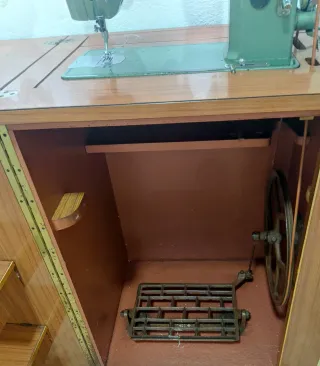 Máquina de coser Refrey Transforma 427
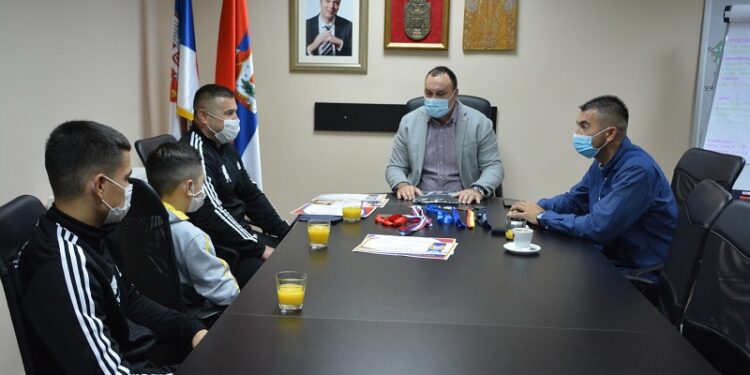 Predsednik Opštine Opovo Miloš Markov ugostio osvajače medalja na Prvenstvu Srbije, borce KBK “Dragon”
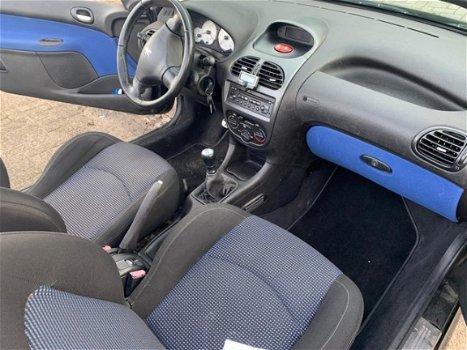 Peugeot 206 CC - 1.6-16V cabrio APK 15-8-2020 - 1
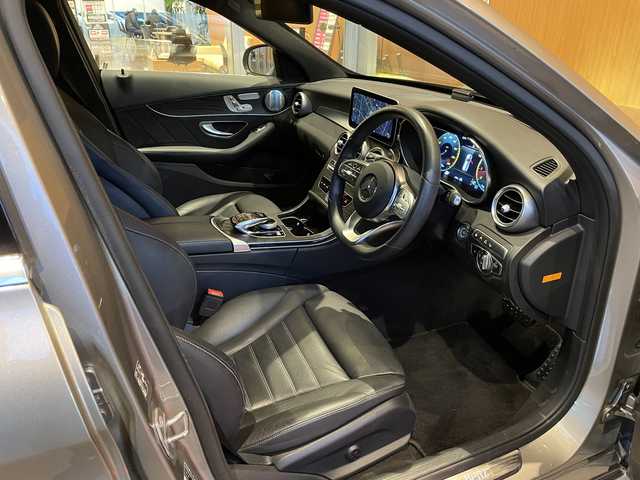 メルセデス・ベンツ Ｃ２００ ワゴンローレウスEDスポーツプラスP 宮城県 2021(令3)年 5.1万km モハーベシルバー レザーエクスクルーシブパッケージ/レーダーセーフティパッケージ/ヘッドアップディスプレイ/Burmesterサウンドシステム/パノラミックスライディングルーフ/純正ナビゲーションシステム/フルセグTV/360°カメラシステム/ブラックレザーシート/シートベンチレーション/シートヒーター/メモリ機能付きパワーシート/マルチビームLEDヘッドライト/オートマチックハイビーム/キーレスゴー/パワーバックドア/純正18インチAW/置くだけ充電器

——————————

● TASK DETAILS
The full listing must come back exactly as written, with its pictures left out.

● SOLUTION TO THIS PROBLEM
 Máquina de coser Refrey Transforma 427
 Predsednik Opštine Opovo Miloš Markov ugostio osvajače medalja na Prvenstvu Srbije, borce KBK “Dragon”
 Peugeot 206 CC - 1.6-16V cabrio APK 15-8-2020 - 1
 メルセデス・ベンツ Ｃ２００ ワゴンローレウスEDスポーツプラスP 宮城県 2021(令3)年 5.1万km モハーベシルバー レザーエクスクルーシブパッケージ/レーダーセーフティパッケージ/ヘッドアップディスプレイ/Burmesterサウンドシステム/パノラミックスライディングルーフ/純正ナビゲーションシステム/フルセグTV/360°カメラシステム/ブラックレザーシート/シートベンチレーション/シートヒーター/メモリ機能付きパワーシート/マルチビームLEDヘッドライト/オートマチックハイビーム/キーレスゴー/パワーバックドア/純正18インチAW/置くだけ充電器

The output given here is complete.